# Remembering the Old Sniper



## BackyardCowboy (Aug 27, 2014)

From Shooting USA posted: Nov 25, 2015


----------



## pic (Nov 14, 2009)

Pretty cool, watched it all, thanks


----------



## Goldwing (Nov 5, 2014)

That was excellent, thank you!
This guy was a pretty fair shot also.


----------



## Jeb Stuart (Jan 19, 2020)

Carlos lived in my town. Many times I felt like just kocking on his door to tell him JOB WELL DONE! And of course to get his autograph for he book of his I still own.


----------



## Goldwing (Nov 5, 2014)

Jeb Stuart said:


> Carlos lived in my town. Many times I felt like just kocking on his door to tell him JOB WELL DONE! And of course to get his autograph for he book of his I still own.

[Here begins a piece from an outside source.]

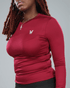 Person wearing a wine red long-sleeve shirt with waaka logo on a grey background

"ONE SHOT ONE KILL" was a classic. I read it twice while stationed in Kunson Korea.


----------



## tony pasley (May 6, 2006)

Another sniper to look up John Hinson


----------



## Goldwing (Nov 5, 2014)

tony pasley said:


> Another sniper to look up John Hinson


I just did. Sounds like somebody pissed off the wrong gentleman.


----------



## red442joe (Aug 6, 2014)

Tagged

Joe


----------



## SouthernBoy (Jun 27, 2007)

Very nicely done.


----------



## CatchySaver (Nov 21, 2017)

He was a true American Hero. Rest In Peace Carlos Hathcock.


----------